BEVERLY HILLS, Calif.—Carter Burwell was presented with the Henry Mancini Award, the highest honor for a film composer from the American Society of Composers, Authors and Publishers, at ASCAP's annual Film & Television Music Awards dinner Monday night, May 11, at the Beverly Hilton Hotel.

Burwell, New York-based composer of Twilight, Being John Malkovich and 14 Coen Brothers movies including Fargo, The Big Lebowski and No Country for Old Men, was honored "in recognition of his outstanding achievements and contributions to the music of film and television," ASCAP president and board chairman Paul Williams announced. "Carter Burwell can do it all, and he has," Williams said.

Twilight director Catherine Hardwicke praised Burwell's "complex and beautiful" score for the popular teen vampire movie. She said she was hoping for an "intimate and very personal" piece of music to become "Bella's Lullaby" – a famous element of the Stephenie Meyer novel. She got it when Burwell took a piece of music he had long ago written for his then-girlfriend (and now wife) Christine, and turned it into the piano motif that became so sought-after that it's now a hit in sheet-music form.

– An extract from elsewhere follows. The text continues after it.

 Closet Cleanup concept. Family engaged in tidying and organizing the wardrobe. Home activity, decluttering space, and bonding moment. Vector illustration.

Joel and Ethan Coen sent a video that appeared to be an amateurishly shot camcorder interview about their longtime collaborator on such films as Blood Simple, Raising Arizona, The Hudsucker Proxy and Burn After Reading. It was probably a gag, but their remarks were so difficult to understand that the joke was lost on the audience. At one point they quipped that Burwell "sends an accordion sketch to some guy in Sweden who writes it all down" for him. Later they added, similarly tongue-in-cheek, "we didn't realize they gave the Mancini to amateur musicians."

Director Bill Condon, who collaborated with Burwell on Gods and Monsters and Kinsey, said "Carter makes us feel but he also helps us to think– [He writes] music that captures the ache of the human soul.... Subtlety, range, eclecticism, genius – they all define Carter's work."

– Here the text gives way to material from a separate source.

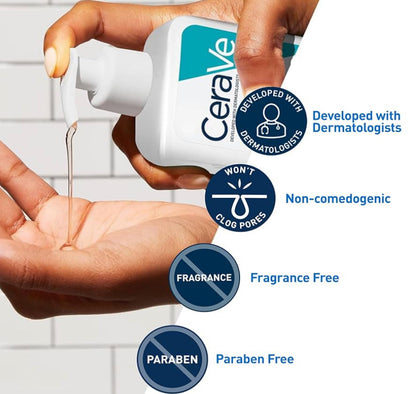 CeraVe Akneebeheer-reiniger, 2% Salisielsuurbehandeling Geformuleer met Niasinamied + Sereamide + Olie-absorberende Klei Sonder Geur (16 Oz)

A seven-minute video showcased many of Burwell's film hits and included scenes from his upcoming Where the Wild Things Are. Also sending video greetings were directors Spike Jonze (Adaptation, Being John Malkovich) and John Lee Hancock (The Rookie, The Alamo).

Most of the winners in the "top box office" category – among them John Debney (The Mummy: Tomb of the Dragon Emperor), Michael Giacchino (Cloverfield), James Horner (The Spiderwick Chronicles), James Newton Howard (The Happening, The Dark Knight), Hans Zimmer (Dark Knight, Kung Fu Panda, Madagascar: Escape 2 Africa), John Powell (Bolt, Horton Hears a Who, Hancock, Jumper, Kung Fu Panda), Brian Tyler (Eagle Eye) and others – did not attend.

Many of the television winners, however, were there, including Sean Callery (Medium, Bones), David Carbonara (Mad Men), Jeff Cardoni (CSI: Miami), Reinhold Heil and Johnny Klimek (Without a Trace), John Keane (CSI), David Vanacore (Survivor, The Apprentice), Brian Lapin (Gossip Girl), Michael Levine (Cold Case), Bear McCreary (Eureka) and Trevor Morris (The Tudors).